Corpo da donna, ma green pass da uomo: Anna e l'odissea di una transizione in epoca Covid

Giovedì 25 Novembre 2021 di Elena Filini
La dura storia di transizione di una 28enne

TREVISO - «Ho iniziato un percorso di transizione. E oggi la pandemia mi obbliga a mettere in piazza una storia intima, sofferta e dolorosa». Un 25 novembre. E tante forme di violenza. Alcune evidenti, altre più nascoste, ma non meno profonde. Anna (nome di fantasia), trevigiana, 28 anni, sta vivendo un passing, ossia la transizione da uomo a donna.

E' seguita da un legale, da una psicologa e da un'endocrinologa, ma il percorso in Italia è di almeno un anno e mezzo.

LE DIFFICOLTA'
Oggi il suo aspetto non corrisponde al nome sul documento di identità. E ogni volta che le si chiede di esibire il Green pass è una via crucis. «Devo spiegare ad un estraneo tutto il mio vissuto. Devo affrontare gli sguardi e a volte comportamenti discriminanti. Mi chiedo se non sarebbe stato ugualmente efficace inserire il codice fiscale anzichè il nome all'anagrafe». Ci sono donne che lo sono anche se l'immagine restituita dallo specchio è diversa. E per cui la scelta di diventare se stesse è particolarmente dura e dolorosa. In questo viaggio, in Italia ancora molto lungo e complicato, nel ritrovarsi si è inserita la pandemia. Che ha fatto sentire soli e discriminati i più fragili. «Il mio percorso di transizione, a Treviso, è stato tutt'altro che facile. Non riusciamo ad avere riferimenti sicuri nel pubblico, ma per fortuna l'associazione Lgbt mi ha dato supporto. Questa transizione mi ha ridato la vita. Anche se mi conoscevo da sempre sono una persona nuova. Ho riacquistato credibilità agli occhi degli altri». Una famiglia di supporto, una psicologa, un'endocrinologa e un legale che stanno seguendo il percorso. E oggi un nuovo lavoro. «Avevo un impiego nell'azienda di famiglia, ma ho voluto staccarmi. Dopo moltissimi colloqui, quando stavo per perdere la speranza, ho trovato lavoro come segretaria».

IL PROBLEMA
Il problema di Anna è che il suo aspetto non corrisponde alla carta d'identità. «Il processo burocratico dura quasi un anno e mezzo per far sì che un giudice possa redigere dei documenti con il sesso opposto, e non è scontato perchè il giudice potrebbe decidere di prorogare la transizione di altri 6 mesi. Una pila di carte enormi, tantissimi documenti e sperare che il giudice sia benevolente». In questa situazione di indeterminatezza si innesta la pandemia: Anna ha fatto le vaccinazioni ed è in possesso di Green pass, ma ogni volta che le viene controllato esce il nome anagrafico. «La gente ti giudica: più di una volta mi è stato detto mi ha dato il green pass sbagliato e io sono costretta a raccontare la mia storia, in ogni luogo e a ogni sconosciuto». Al cinema, al ristorante, in aeroporto, a teatro. «La tua vita è un po' in balia di questo gioco di sguardi. Se per la gente il problema è il Green pass, per noi il problema è che il nome non corrisponde alla nostra nuova identità.
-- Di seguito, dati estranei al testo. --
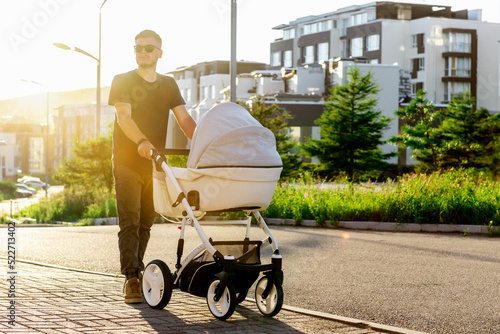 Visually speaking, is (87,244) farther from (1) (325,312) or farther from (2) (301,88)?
(2) (301,88)

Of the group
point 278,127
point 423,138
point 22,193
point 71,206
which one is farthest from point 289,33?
point 71,206

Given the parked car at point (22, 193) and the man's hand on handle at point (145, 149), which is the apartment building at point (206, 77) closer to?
the parked car at point (22, 193)

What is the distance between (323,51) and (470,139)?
169 ft

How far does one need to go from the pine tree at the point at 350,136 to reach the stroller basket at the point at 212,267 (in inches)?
1393

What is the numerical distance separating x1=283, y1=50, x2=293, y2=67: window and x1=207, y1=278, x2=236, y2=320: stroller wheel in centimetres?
9201

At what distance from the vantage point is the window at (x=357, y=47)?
83938 mm

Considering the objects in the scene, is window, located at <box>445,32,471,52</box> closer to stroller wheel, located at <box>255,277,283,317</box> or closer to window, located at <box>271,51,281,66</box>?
window, located at <box>271,51,281,66</box>

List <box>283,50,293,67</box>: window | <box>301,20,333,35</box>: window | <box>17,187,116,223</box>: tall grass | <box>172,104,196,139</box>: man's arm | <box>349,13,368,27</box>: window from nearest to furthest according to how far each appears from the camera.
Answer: <box>172,104,196,139</box>: man's arm → <box>17,187,116,223</box>: tall grass → <box>349,13,368,27</box>: window → <box>301,20,333,35</box>: window → <box>283,50,293,67</box>: window

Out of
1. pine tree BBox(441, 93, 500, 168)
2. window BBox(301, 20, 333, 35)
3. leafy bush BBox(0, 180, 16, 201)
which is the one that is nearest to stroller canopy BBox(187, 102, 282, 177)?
pine tree BBox(441, 93, 500, 168)

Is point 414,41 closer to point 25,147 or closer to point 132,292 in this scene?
point 132,292

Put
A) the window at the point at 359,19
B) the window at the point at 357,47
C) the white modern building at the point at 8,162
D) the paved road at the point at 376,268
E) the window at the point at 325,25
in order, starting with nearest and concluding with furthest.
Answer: the paved road at the point at 376,268, the window at the point at 357,47, the window at the point at 359,19, the window at the point at 325,25, the white modern building at the point at 8,162

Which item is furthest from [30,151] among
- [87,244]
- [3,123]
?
[87,244]

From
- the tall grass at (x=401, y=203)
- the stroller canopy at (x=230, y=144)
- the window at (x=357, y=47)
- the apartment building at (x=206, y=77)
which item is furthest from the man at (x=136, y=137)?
the apartment building at (x=206, y=77)

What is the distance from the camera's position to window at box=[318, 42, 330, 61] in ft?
295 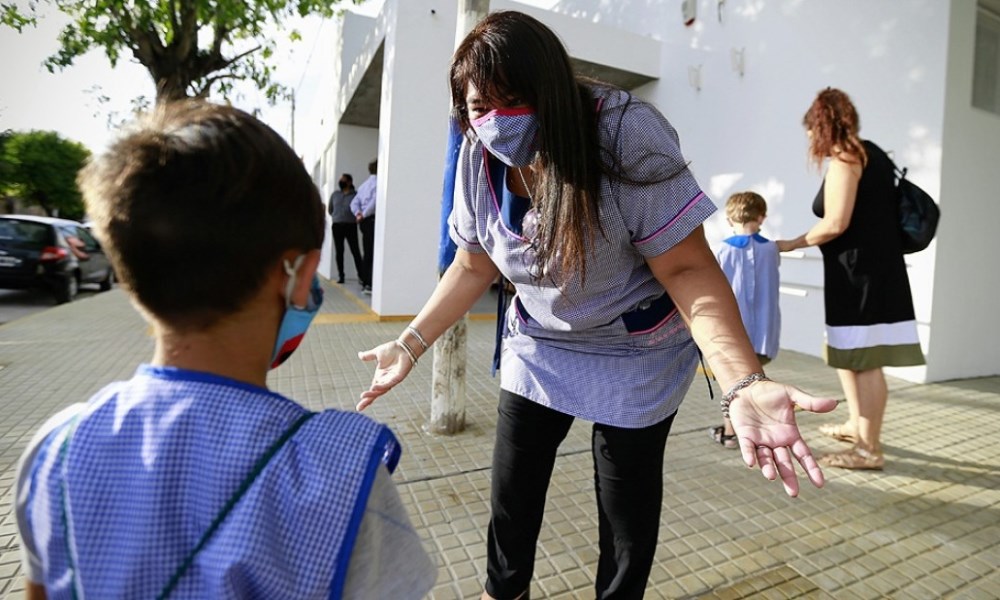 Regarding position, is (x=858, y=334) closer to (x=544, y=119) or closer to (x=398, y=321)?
(x=544, y=119)

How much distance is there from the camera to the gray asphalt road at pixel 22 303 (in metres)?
8.57

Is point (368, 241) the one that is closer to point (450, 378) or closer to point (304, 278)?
point (450, 378)

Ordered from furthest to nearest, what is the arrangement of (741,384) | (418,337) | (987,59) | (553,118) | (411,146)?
1. (411,146)
2. (987,59)
3. (418,337)
4. (553,118)
5. (741,384)

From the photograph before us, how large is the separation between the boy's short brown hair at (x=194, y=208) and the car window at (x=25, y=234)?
11127 millimetres

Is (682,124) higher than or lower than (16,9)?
lower

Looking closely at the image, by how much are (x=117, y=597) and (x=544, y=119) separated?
1.10 metres

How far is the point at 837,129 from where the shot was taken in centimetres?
283

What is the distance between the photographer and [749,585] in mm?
2010

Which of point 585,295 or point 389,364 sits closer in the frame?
point 585,295

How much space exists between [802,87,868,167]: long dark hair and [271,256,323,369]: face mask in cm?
275

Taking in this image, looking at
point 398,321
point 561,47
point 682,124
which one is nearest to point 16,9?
point 398,321

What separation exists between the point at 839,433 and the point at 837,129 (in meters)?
1.70

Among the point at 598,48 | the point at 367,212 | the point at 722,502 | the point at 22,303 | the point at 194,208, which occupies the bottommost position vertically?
the point at 722,502

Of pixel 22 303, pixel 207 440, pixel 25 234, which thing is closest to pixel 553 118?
pixel 207 440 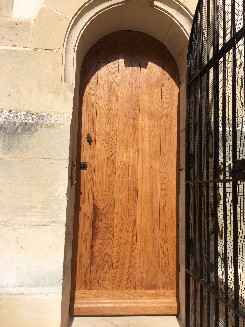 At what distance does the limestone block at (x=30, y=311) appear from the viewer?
1.97 metres

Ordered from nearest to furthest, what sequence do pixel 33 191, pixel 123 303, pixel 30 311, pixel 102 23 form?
pixel 30 311 < pixel 33 191 < pixel 123 303 < pixel 102 23

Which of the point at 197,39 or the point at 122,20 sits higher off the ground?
the point at 122,20

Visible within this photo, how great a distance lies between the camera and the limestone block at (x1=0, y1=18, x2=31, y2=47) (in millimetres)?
2258

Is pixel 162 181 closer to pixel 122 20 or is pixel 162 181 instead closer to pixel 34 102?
pixel 34 102

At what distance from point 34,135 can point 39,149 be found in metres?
0.11

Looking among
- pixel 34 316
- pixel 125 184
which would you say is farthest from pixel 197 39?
pixel 34 316

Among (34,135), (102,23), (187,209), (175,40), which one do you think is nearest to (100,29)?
(102,23)

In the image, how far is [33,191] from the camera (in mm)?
2117

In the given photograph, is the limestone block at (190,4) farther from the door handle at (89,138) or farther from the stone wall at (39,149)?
the door handle at (89,138)

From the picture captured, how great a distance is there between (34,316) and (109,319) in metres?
0.66

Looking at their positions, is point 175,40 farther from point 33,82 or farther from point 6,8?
point 6,8

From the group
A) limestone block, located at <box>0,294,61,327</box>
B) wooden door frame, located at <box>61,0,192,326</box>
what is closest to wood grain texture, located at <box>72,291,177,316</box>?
wooden door frame, located at <box>61,0,192,326</box>

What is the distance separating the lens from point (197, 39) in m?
2.20

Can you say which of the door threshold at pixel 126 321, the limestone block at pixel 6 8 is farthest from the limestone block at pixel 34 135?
the door threshold at pixel 126 321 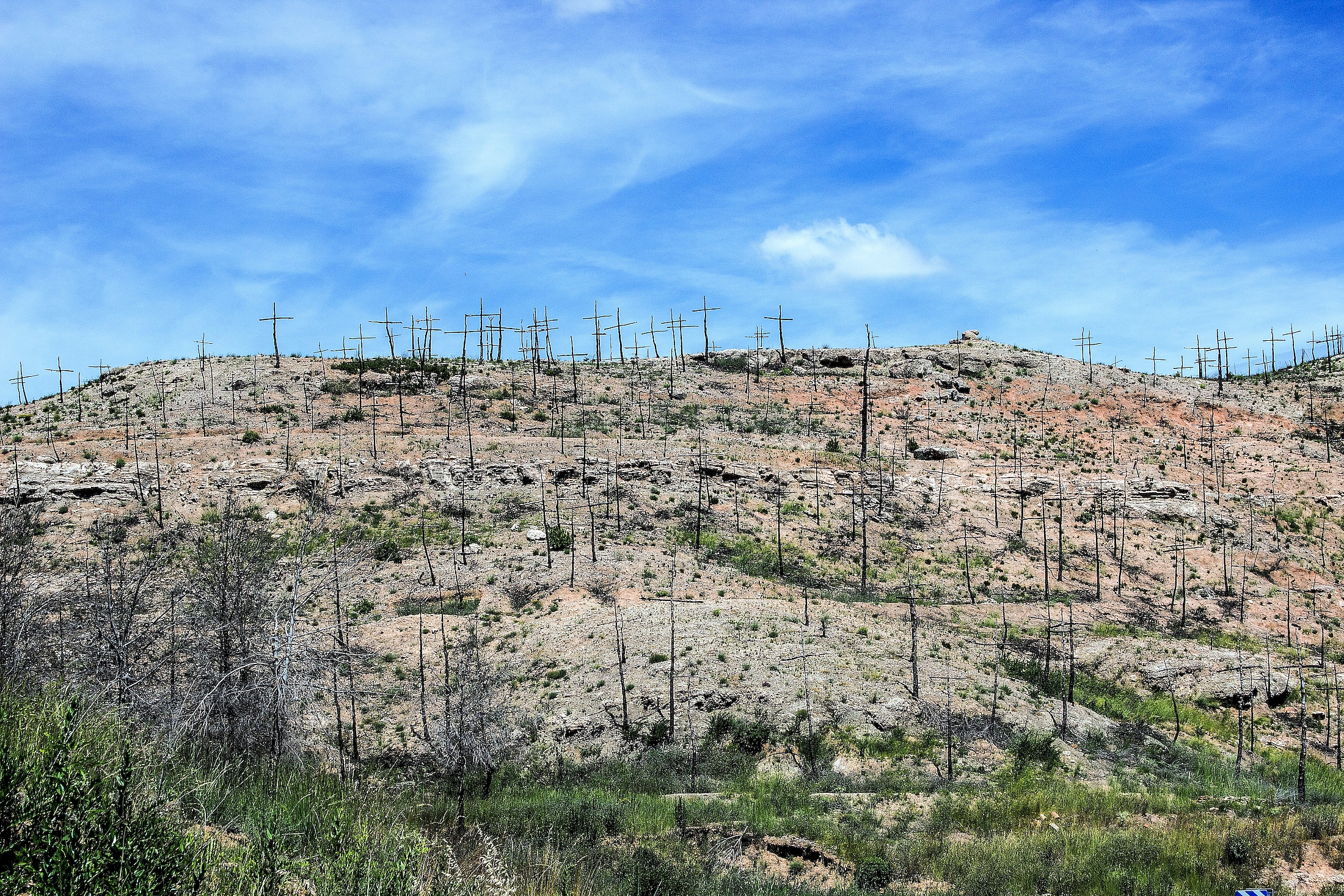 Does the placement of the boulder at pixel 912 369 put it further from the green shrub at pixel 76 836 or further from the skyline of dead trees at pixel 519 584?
the green shrub at pixel 76 836

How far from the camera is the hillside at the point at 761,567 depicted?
19.7m

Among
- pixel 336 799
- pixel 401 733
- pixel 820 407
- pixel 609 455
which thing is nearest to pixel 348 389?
pixel 609 455

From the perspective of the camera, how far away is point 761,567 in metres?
35.2

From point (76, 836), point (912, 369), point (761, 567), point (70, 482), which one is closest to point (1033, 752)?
point (761, 567)

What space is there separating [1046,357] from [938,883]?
2786 inches

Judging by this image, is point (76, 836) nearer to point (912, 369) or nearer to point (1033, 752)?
point (1033, 752)

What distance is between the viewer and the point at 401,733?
2148 cm

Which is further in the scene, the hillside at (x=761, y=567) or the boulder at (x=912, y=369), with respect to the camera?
the boulder at (x=912, y=369)

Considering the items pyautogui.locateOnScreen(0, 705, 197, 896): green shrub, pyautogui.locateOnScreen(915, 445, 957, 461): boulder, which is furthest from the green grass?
pyautogui.locateOnScreen(915, 445, 957, 461): boulder

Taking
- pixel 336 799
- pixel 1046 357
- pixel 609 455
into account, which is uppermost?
pixel 1046 357

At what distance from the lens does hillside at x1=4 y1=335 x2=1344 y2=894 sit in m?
19.7

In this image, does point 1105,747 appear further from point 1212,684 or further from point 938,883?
point 938,883

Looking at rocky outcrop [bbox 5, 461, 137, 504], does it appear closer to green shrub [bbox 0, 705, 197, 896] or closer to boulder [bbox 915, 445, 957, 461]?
green shrub [bbox 0, 705, 197, 896]

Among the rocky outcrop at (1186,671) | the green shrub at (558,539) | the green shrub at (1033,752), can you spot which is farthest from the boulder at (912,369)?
the green shrub at (1033,752) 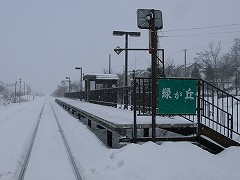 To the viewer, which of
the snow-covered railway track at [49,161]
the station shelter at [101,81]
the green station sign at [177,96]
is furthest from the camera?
the station shelter at [101,81]

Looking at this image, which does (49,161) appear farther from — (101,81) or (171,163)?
(101,81)

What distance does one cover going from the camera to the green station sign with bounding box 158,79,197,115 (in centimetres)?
858

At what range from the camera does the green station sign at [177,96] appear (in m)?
8.58

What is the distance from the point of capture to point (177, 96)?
8641 mm

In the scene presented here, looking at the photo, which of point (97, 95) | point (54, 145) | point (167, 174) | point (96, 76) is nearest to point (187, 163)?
point (167, 174)

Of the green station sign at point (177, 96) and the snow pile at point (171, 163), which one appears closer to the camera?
the snow pile at point (171, 163)

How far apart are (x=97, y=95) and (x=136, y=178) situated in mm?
20358

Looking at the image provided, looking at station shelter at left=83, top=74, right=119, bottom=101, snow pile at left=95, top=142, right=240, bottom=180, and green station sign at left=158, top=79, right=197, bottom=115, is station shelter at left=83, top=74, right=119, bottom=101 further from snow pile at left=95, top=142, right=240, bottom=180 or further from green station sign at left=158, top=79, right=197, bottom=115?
snow pile at left=95, top=142, right=240, bottom=180

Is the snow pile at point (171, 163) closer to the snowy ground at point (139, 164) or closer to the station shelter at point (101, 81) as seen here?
the snowy ground at point (139, 164)

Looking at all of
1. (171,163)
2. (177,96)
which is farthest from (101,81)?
(171,163)

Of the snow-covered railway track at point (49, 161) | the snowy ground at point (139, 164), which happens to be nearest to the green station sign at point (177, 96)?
the snowy ground at point (139, 164)

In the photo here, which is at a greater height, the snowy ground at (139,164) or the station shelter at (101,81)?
the station shelter at (101,81)

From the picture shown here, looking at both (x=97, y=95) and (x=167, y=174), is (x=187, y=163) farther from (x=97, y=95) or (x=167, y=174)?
(x=97, y=95)

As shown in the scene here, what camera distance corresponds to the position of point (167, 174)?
6.27m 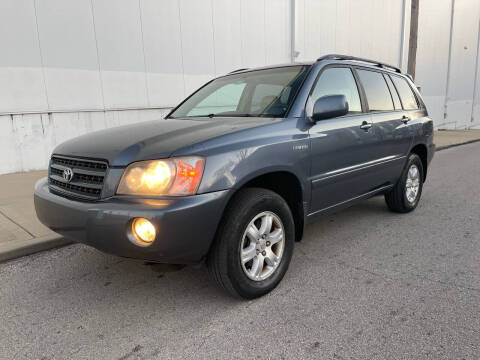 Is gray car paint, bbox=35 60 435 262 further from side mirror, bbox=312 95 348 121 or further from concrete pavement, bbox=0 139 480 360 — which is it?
concrete pavement, bbox=0 139 480 360

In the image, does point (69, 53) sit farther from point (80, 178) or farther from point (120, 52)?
point (80, 178)

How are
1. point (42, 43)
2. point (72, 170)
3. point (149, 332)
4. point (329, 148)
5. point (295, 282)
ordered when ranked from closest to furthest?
point (149, 332)
point (72, 170)
point (295, 282)
point (329, 148)
point (42, 43)

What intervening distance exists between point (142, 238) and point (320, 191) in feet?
5.26

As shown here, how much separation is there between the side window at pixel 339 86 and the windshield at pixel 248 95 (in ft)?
0.61

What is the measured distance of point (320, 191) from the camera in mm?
3256

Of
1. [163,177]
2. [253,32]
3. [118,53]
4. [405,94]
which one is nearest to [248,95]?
[163,177]

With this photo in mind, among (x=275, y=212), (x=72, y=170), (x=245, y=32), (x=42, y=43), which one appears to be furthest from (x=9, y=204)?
(x=245, y=32)

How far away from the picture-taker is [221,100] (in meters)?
3.89

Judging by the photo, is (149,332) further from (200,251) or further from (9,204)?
(9,204)

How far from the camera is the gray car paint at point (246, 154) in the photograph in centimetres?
238

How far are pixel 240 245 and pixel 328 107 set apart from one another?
4.35ft

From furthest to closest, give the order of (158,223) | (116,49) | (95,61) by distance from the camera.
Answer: (116,49)
(95,61)
(158,223)

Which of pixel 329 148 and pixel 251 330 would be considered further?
pixel 329 148

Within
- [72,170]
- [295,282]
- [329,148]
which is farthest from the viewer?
[329,148] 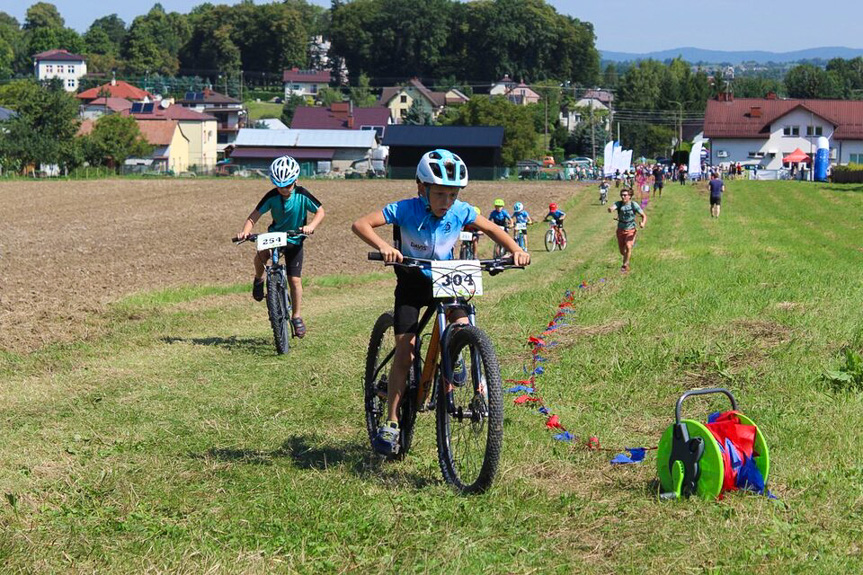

E che la nostra privacy viene completamente violata».

GLI AIUTI
Anna racconta di come allo hub vaccinale abbia trovato sostegno e disponibilità, di come sul luogo di lavoro le consentano di svolgere in prima persona il controllo automatico del Green pass e di come si sia potuta creare le password aziendali con il nome d'elezione. «In Inghilterra e in Spagna si può cambiare il proprio nome con una raccomandata, mentre in Italia bisogna attendere anni. Così noi ragazze transessuali non riusciamo a vivere una vita decente anche a livello burocratico. E con la pandemia la discriminazione è diventata un fatto quotidiano. Il 25 novembre ricordatevi anche di noi, perchè anche gli outing forzati sono una forma di violenza». Il coordinamento Lgbte di Treviso conferma come la pandemia abbia fatto d detonatore a dinamiche già di per sè estreme. «Ci sono molti tipi di violenza nei confronti della disforia di genere. In questo momento il più grande disagio sperimentato dalle persone transessuali come Anna riguarda il dover rivelare la propria condizione in tutte le situazioni di diritto civile» afferma Giorgio Romanello «Una sorta di coming out di tipo forzato che non solo non aiuta il percorso, ma aumenta il senso di disagio delle persone in un momento molto delicato della loro esistenza».